Ad Pontem Singae: Septimius Severus Goksu Bridge

Photos by Jack A. Waldron


Pictured above, the Goksu Bridge as seen from the Kizilin Village side of the structure.  The Goksu river in Adiyaman, Turkey, is a large tributary of the mighty Euphrates River.  According to the ancient Roman road map "Tabula Peutingeriana", the bridge was called "Ad Pontem Singae".


Goods and military transport along ancient routes were hindered by the such rivers feeding the Euphrates, and thus required major bridge works to make way for materials, control and conquest.  After all, this was a major section of the Silk Road.


In the Spring of 2017, I was on the hunt for one of these bridges, the Goksu Bridge, locally referred to as the Kizilin Koprusu, which translates into 'Red Bridge'.


As you can see on the map below, the Goksu Bridge is situated a little less than five kilometers to the north of the Euphrates (bottom right center).

Also marked on the map above (highlighted in yellow), is the Septimius Severus Karasu Bridge, which I will be writing about in my next post.  Back to the Goksu Bridge, about eight kilometers north of the bridge you can see Sesonk.  Sesonk is a spectacularly located tumulus at the top of a mountain, which I will also write about in a future post.  

During his reign, Roman Emperor Septimius Severus ordered the construction of many bridges throughout the Eastern Roman Empire, including the Cendere Bridge, the Karasu Bridge, and the Goksu Bridge, which was erected between 193-211 CE.  Bridge sketch by Galliazo.



For the Romans, the Goksu Bridge connected a military road that extended from Militene, Perre (aka Antiochia On The Taurus), and Samosata in the north/northeast to name just a few settlements, and Zeugma, Antiocheia, Tarsus, and many other villages, towns, and cities to the south/southwest and along the Euphrates.


Pictured below, a photo of me taking the photo above.  According to the locals and official government records (which I have not seen!), the bridge was blown-up with dynamite some 200 years ago by an egregious farmer (more on that later).  This is quite interesting, since Alfred Nobel (yes, that Nobel) hadn't invented dynamite until 1866, so, let's give the years a bit of wiggle-room.

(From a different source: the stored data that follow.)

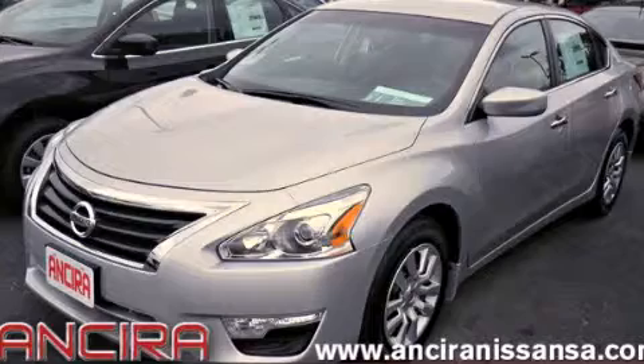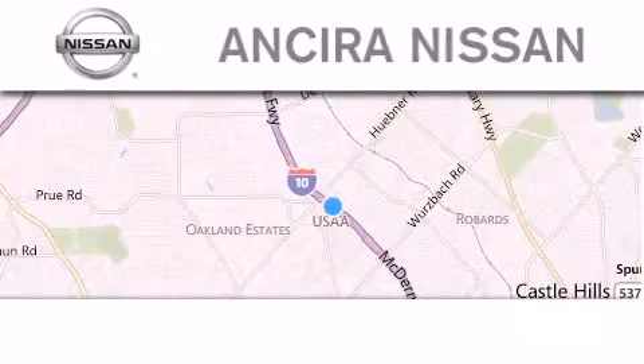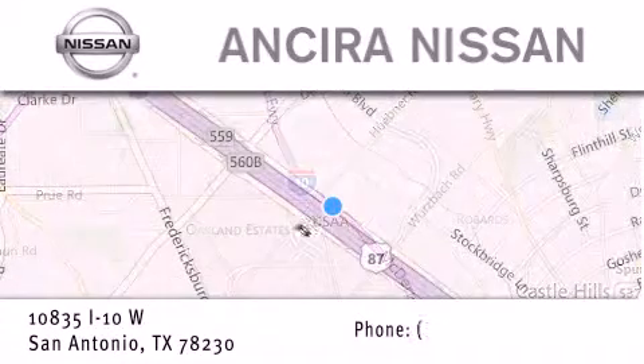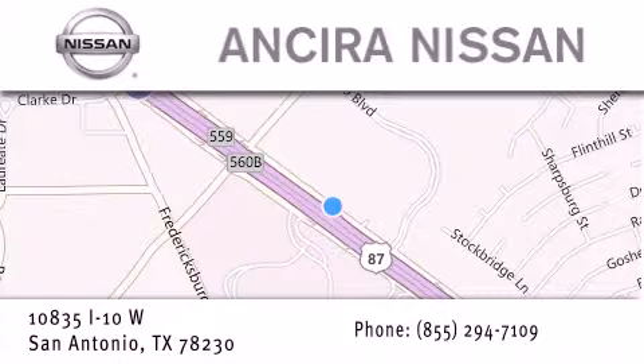Stop by today and test drive this automobile for yourself. Thank you for considering Ansira Nissan for your next new or pre-owned vehicle. For additional information, please visit our website, give us a call, or stop by our dealership.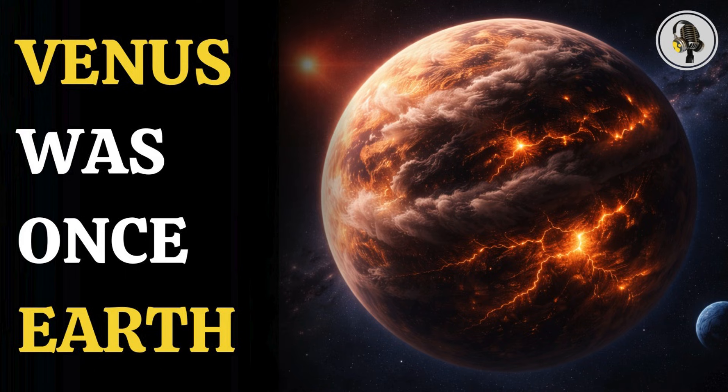Welcome to the We On podcast, where we explore fascinating stories and ideas from various fields. In this episode, we explore how an Earth-like world can turn hostile, asking a question that also haunts our own future: how did Earth-like Venus turn inhospitable?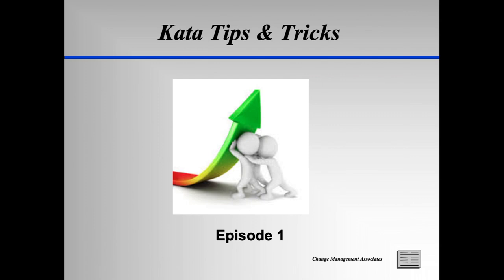Welcome to our newest installment of our Tips and Tricks series. In this series, we will cover a subject that has generated a lot of interest in the Continuous Improvement or CI community: KATA. There will be three episodes in this series. The first episode will provide some general tips and tricks for the overall approach. Episode 2 will provide suggestions for the practice of the Improvement KATA, while Episode 3 will provide tips and tricks for the Coaching KATA.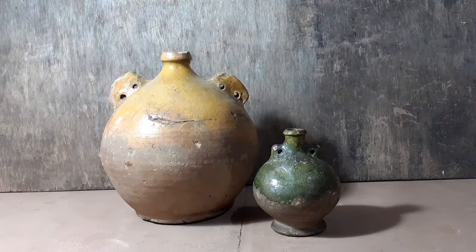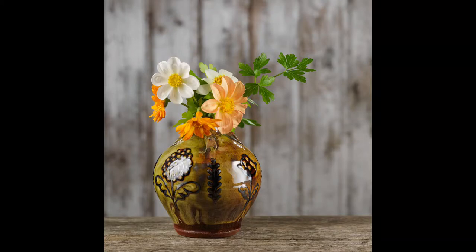In our collection of old pots we have a number of costrels that would have been used for containing and carrying drink. It's such a satisfying form. The large one is an 18th century example made in Verwood in Dorset, and the smaller a Tudor one from Surrey. Of course they're not appropriate for modern day use, but I've taken the form and adapted it as a vase.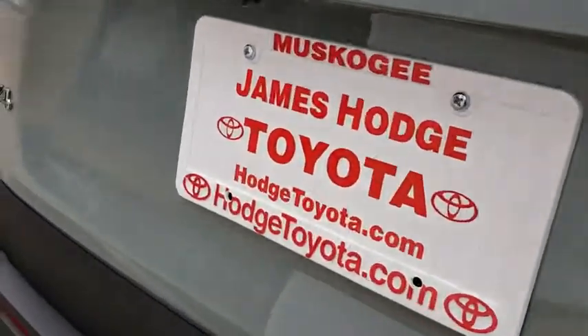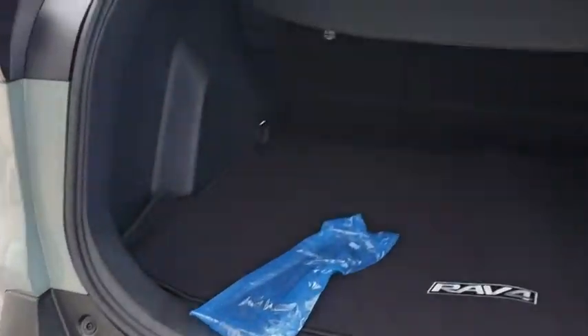This vehicle has less than 100 miles. Here are some of this vehicle's great options.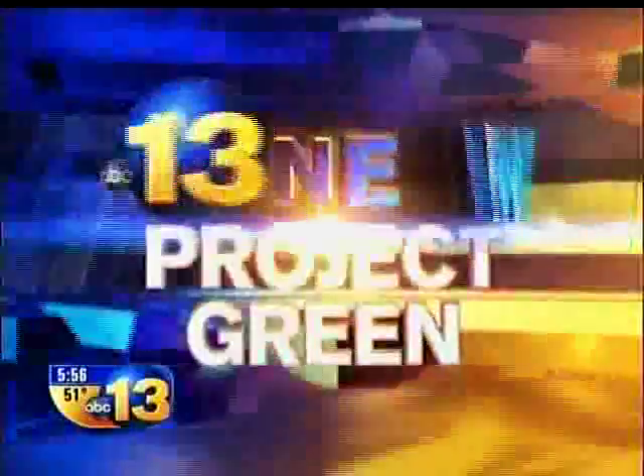Sixth graders are getting their hands on some green — not money, it's a new green learning guide. AskHRGreen.org produced and wrote a booklet according to SOL guidelines. 13 News anchor Joe Flanagan is in Hampton with tonight's Project Green Report.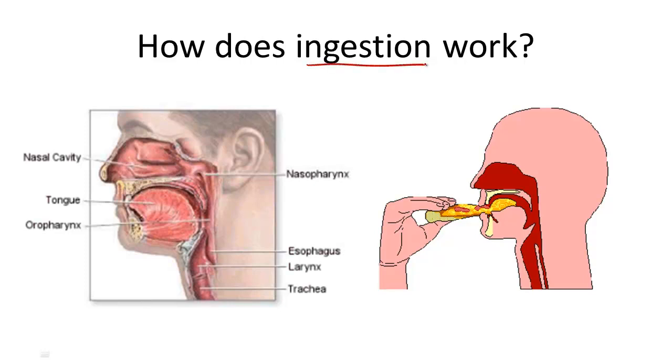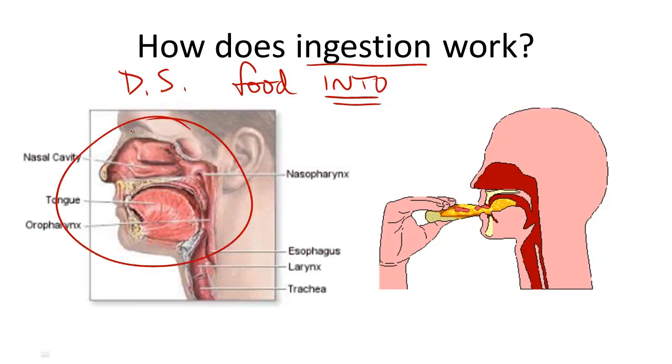So what is ingestion and how does it work? Ingestion is part of the digestive system, and it involves taking food into the body. It is basically the entryway for food into the body, but much more happens.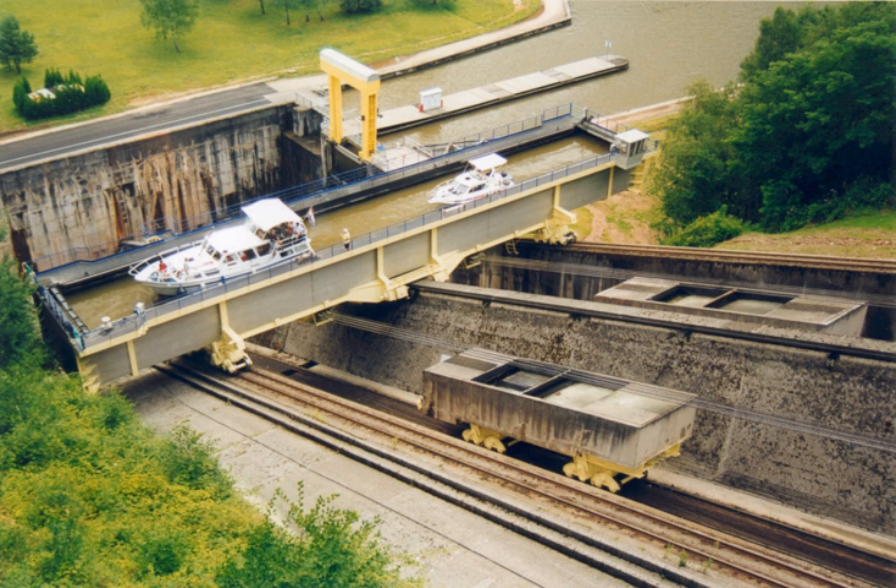1788, an inclined plane was built by William Reynolds and used for the first time in England to raise canal boats on England's Ketley Canal. 1792, William Reynolds of Ketley Ironworks constructed several inclined planes on the Shropshire Canal. 1792–1921, the Shropshire Tub Canals were built incorporating a number of inclined planes. One of these, the Trench Plane, closed in 1921, bringing to an end boat-carrying inclined planes in Britain.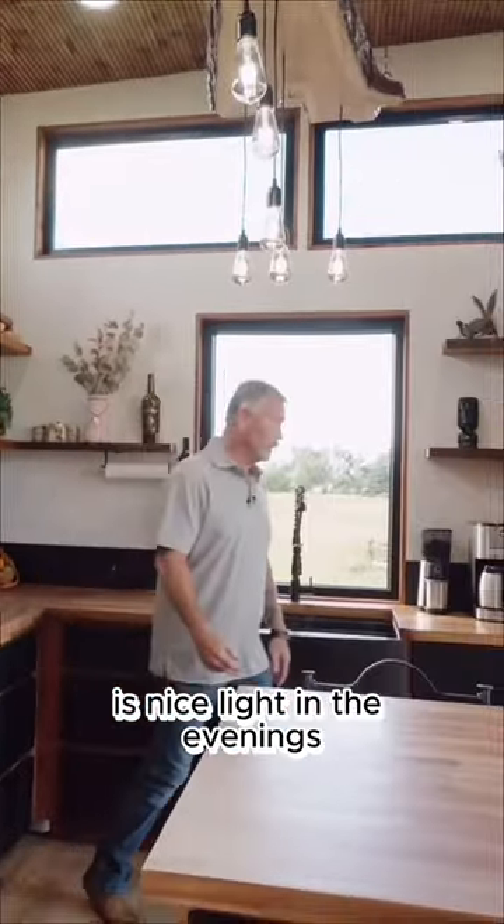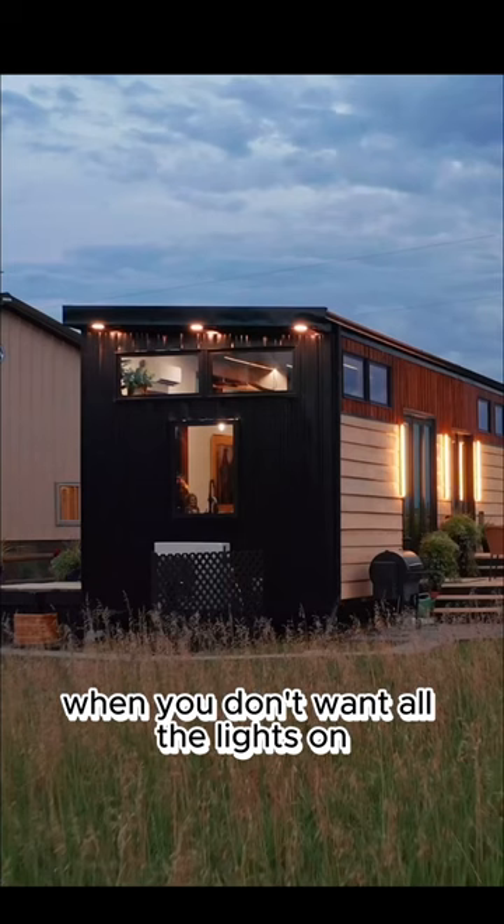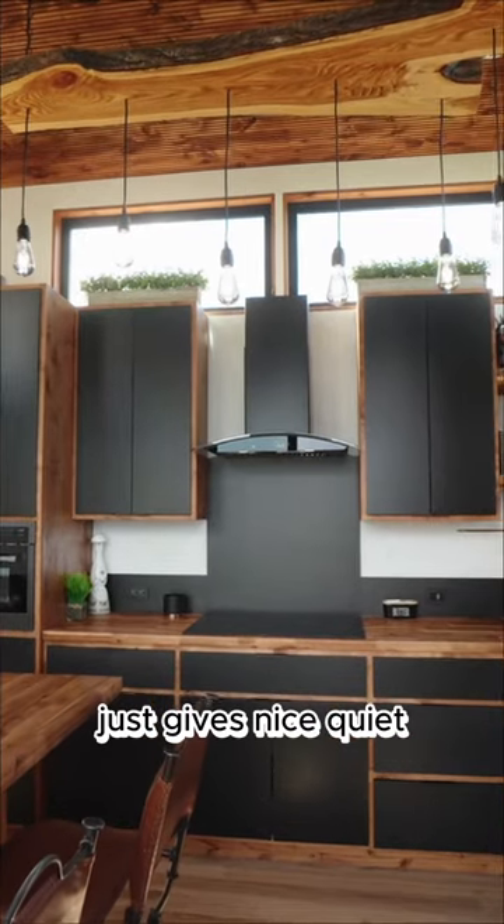Gives nice light in the evenings when you don't want all the lights on. Just gives nice, quiet, soft lighting.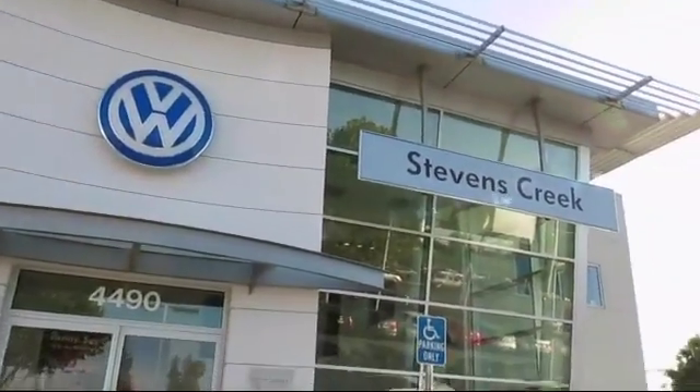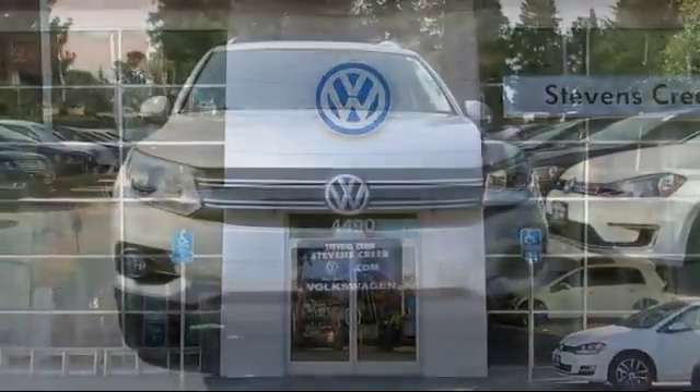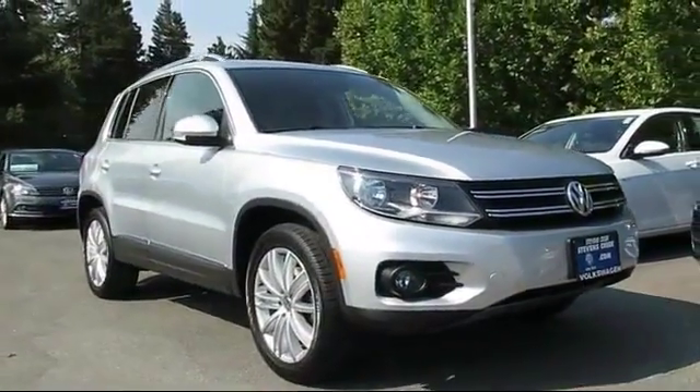Welcome to Stevens Creek Volkswagen, the number one VW dealership in Northern California. Here's another example of an outstanding vehicle from our huge selection of pre-owned cars and trucks.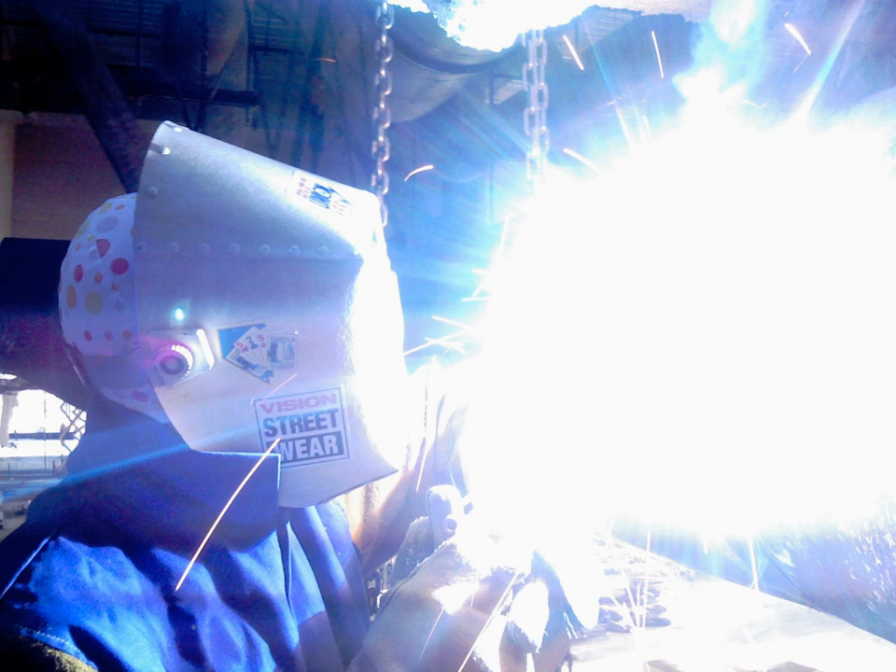UV radiation is present in sunlight, constituting about 10% of the total light output of the sun. It is also produced by electric arcs and specialized lights, such as mercury vapor lamps, tanning lamps, and black lights. Although long wavelength ultraviolet is not considered an ionizing radiation because its photons lack the energy to ionize atoms, it can cause chemical reactions and causes many substances to glow or fluoresce.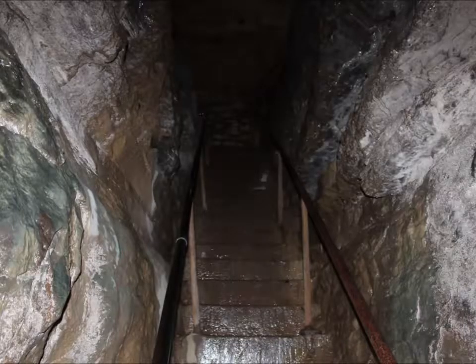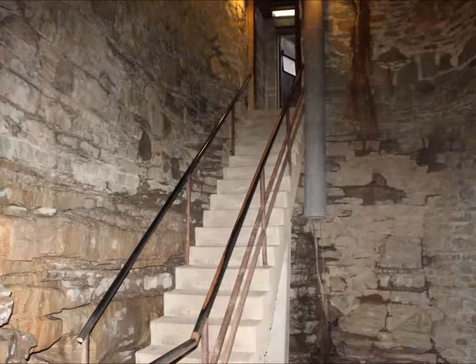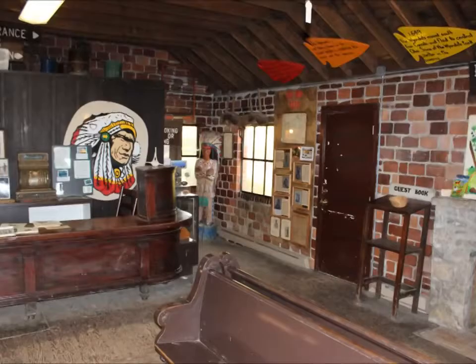Now we'll start working our way back up. Taking these stairs up will take us to that brick building which has a lot of interesting historical pieces.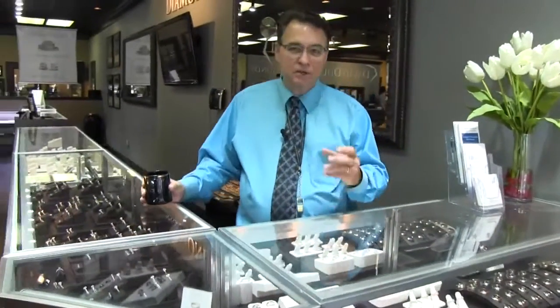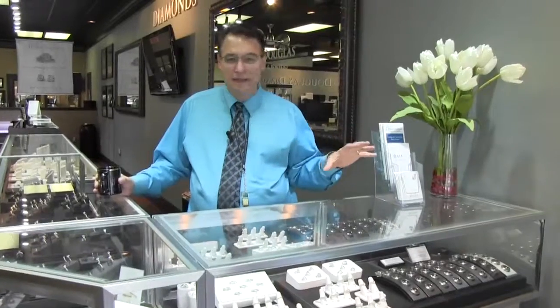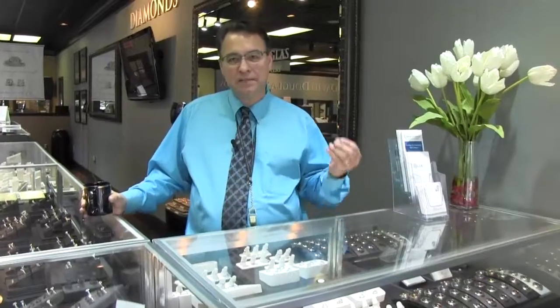Over here we have a lot of loose diamonds and rings that don't have the center stone in them — we call them mountings here in our business. This way you can kind of pick and choose, mix and match: get the right size diamond, the right quality of diamond, the right shape of diamond, and match it up to the setting that you want.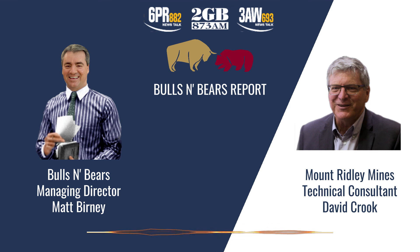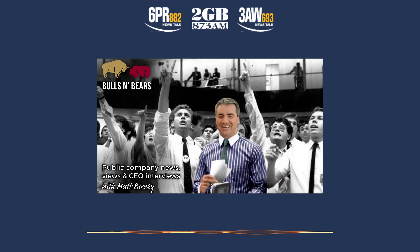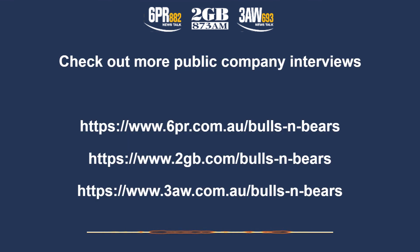David Crook from Mount Ridley Mines, thanks for joining me on Bulls and Bears today. Remember, we're only here to give you information, not advice, which you should of course seek independently. I'm Matt Burney and this is Bulls and Bears. For more public company CEO interviews, go to the Money page on the 6PR, 2GB and 3AW websites and click the Public Companies tab.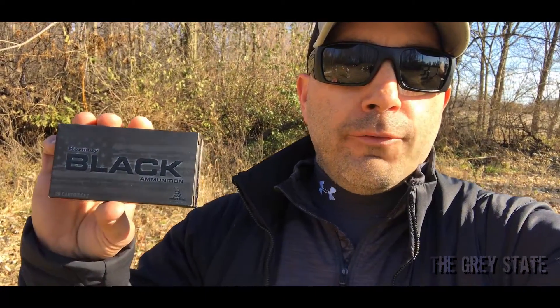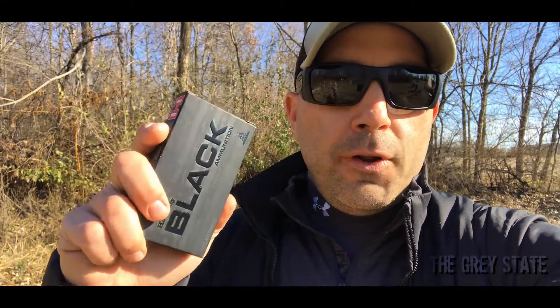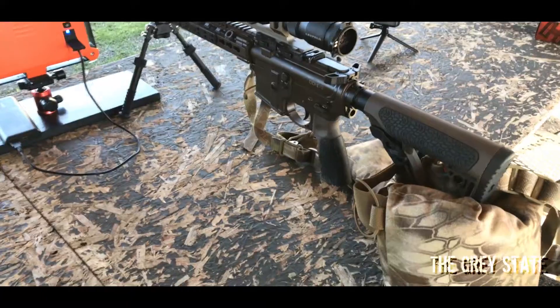Hey guys, welcome to Bullet Time here on The Gray State. Today we're gonna be checking out a very spooky black load — it's a 62 grain full metal jacket from Hornady, part of their new Black line. It's a 223 Remington cartridge with a published velocity of 3100 feet per second. Let's check it out.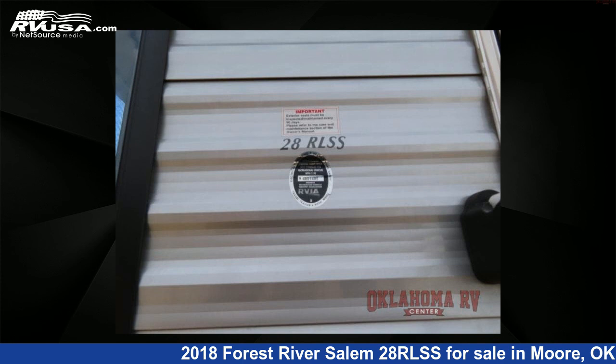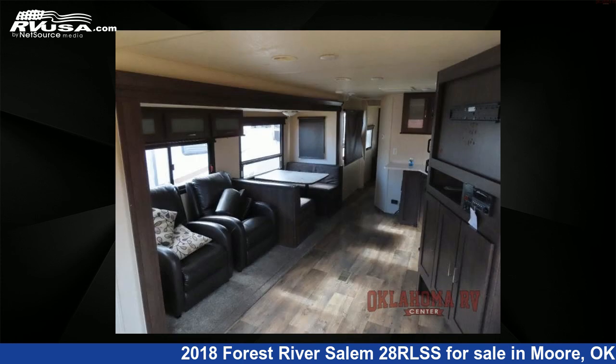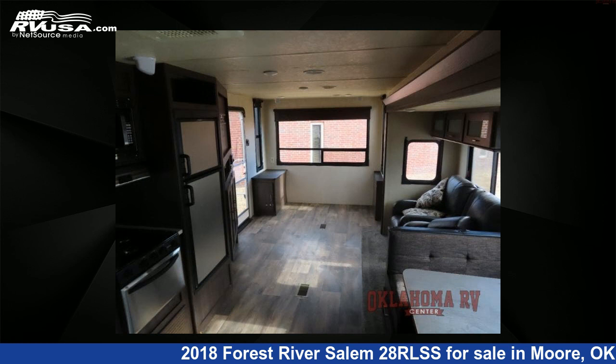The floor plan layout of this travel trailer features a front bedroom and rear living area. For more information and pricing on this unit, and to see all units available for sale by Oklahoma RV Center, visit rvusa.com.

Of course, gunpowder could have been used to blow-up the bridge, but, why do it?!  Well, as we know, this bridge is located on the main route to and from the western Crescent region along the Silk Road, and apparently, the caravan leaders would pasture or graze their camels, horses, and other livestock along the route, and the bridge was a major stopping point and/or bottleneck for the caravans.


As a result of the bridge, its bottleneck, convenience as a resting point, and its location amongst the fertile fields, local farmers took a negative view.  Perhaps there was also a village rivalry in play, where one sides village farmer/s would drive his/her beasts across the bridge in order to graze them on opposing village fields.


Others say that the bridge was being used to supply arms to an opposing army, and thus became a logistical target.  Regardless of the specifics, at some point around 150-200 years ago, this most magnificent bridge was blown up as a result of anger amongst the locals for some wrong that had been committed.  


Upon my visit to the bridge, only two supporting arches remained.  Little did I know, that major plans for the bridge were already underway.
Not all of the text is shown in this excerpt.